Over time, it seems like my mind has settled on doing those activities she knows (yeah she) how to do right. Coding, for example, although every day I question how good I actually am. Cooking is another example. I don’t hesitate to try a new non-transitional dish from a foreign cuisine I’m not familiar with. I’m aware of the possibility of failure in these endeavors, yet I’m not afraid. I’m willing to withstand the uncomfortable feeling of not meeting the expectations because, at the end of the day, these are things I feel connected to.

Despite a deep sense of connection with these activities, I feel that something is missing in my life. It seems like these mediums don’t allow me to express fully. That some of my identity’s dimensions can’t be conveyed in code or gourmet dishes. Writing fills that void. It creates a sense of intimacy... an in-depth conversation with myself. What I find puzzling is why I’m so inconsistent at it and struggle to do it.

I found the answer in another endeavor of mine. I started learning to play the guitar around six months ago. Playing a musical instrument is a skill I’ve yearned for all my life. When I was a teenager, I didn’t have the resources to afford a guitar, and by the time I was a young adult, my mind was somewhere else. Now that I’m at the end of my 20s, I have the resources and the focus required.

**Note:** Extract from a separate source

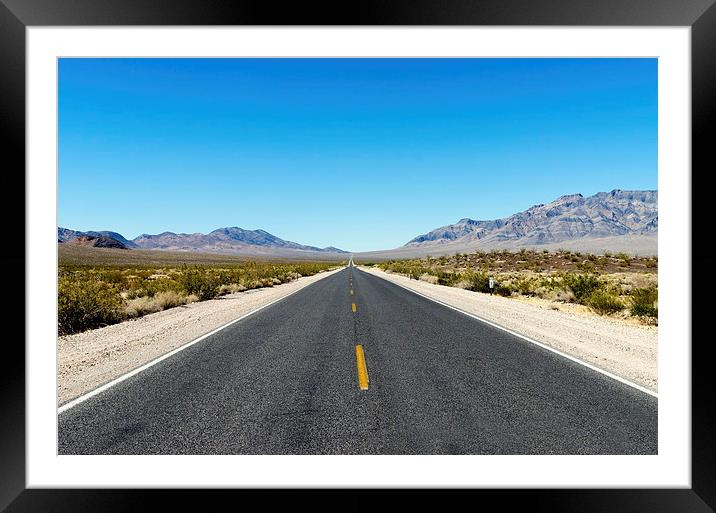 Death Valley Road California Framed Mounted Print by Greg Marshall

Initially, this didn’t translate into practicing daily. The chords exercises triggered my anxiety because the sounds produced by the guitar were far from melodic. At the same time, producing those sounds felt excruciating.  I read the course’s content table, which created a feeling of despair because I noticed how far the goal was and how challenging each step turned out to be.

Writing feels the same way.  My expectations are high, as well as my impatience. I’m always thinking about the end goal instead of the path (as cliché as it sounds). I think about ambitious ideas not suitable for someone who just started writing. My stamina quickly drops as I try to untangle complex topics, and self-doubt sabotages every sentence. After finishing an article in those conditions, I become someone who doesn’t want to write anymore. I haven’t given up, though.

This week I set myself a goal: Write 16 blog posts by 2019-01-31. It is a specific goal with a fixed number and date. The blog posts don’t need to be extensive or cover complex topics. They just need to represent a piece of my mind or my perspective on any topic. I don’t have an agenda of what I want to achieve with these blogs. I just want to throw some ideas in the wild. This is the first blog post of this series, and it feels cathartic because I finally realize what the problem is.